+++ DATA BELOW

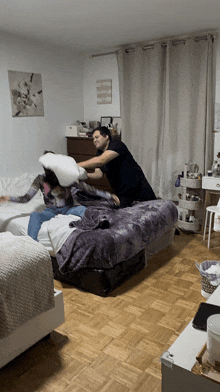 two people are having a pillow fight in a bedroom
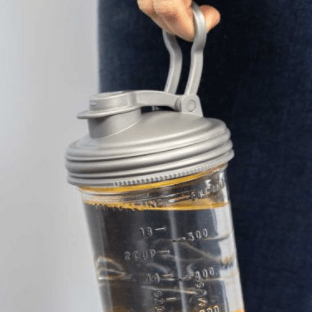 Four different sizes and kinds of glass reusable mason jars with reCAP easy pour spout wide mouth mason jar lids. In the colours grey, black, teal and white on a white background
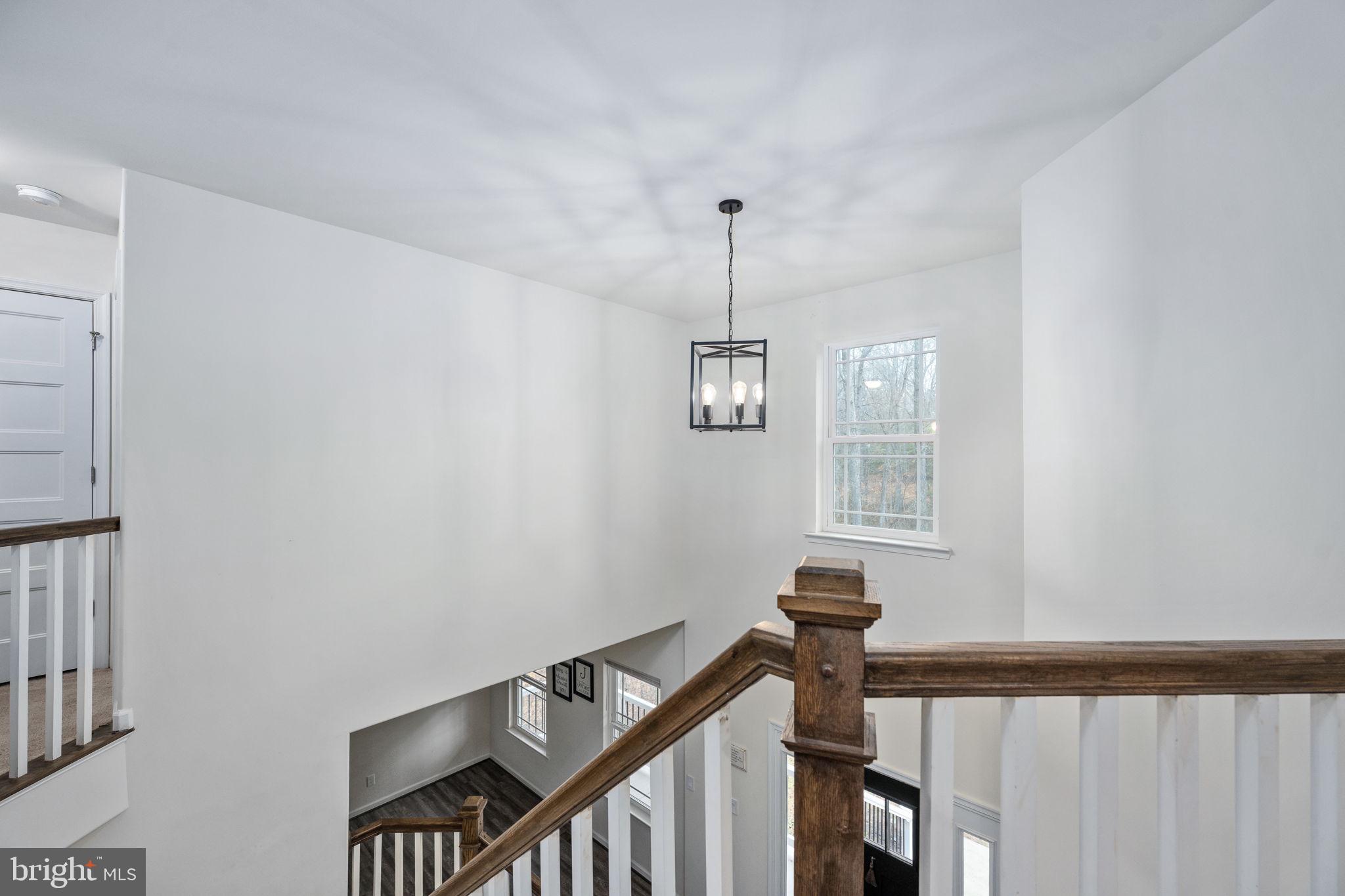 794 White Oak Road Fredericksburg, VA 22405 - Photo 31 of 70 a view of a hallway with windows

++++++

- _YOUR ASSIGNMENT_
Lines from the one that contains "Four different sizes" through the last line of the data above are to be extracted exactly, with no pictures and no other lines.

- _SOLUTION TO THIS EXERCISE_
 Four different sizes and kinds of glass reusable mason jars with reCAP easy pour spout wide mouth mason jar lids. In the colours grey, black, teal and white on a white background
 794 White Oak Road Fredericksburg, VA 22405 - Photo 31 of 70 a view of a hallway with windows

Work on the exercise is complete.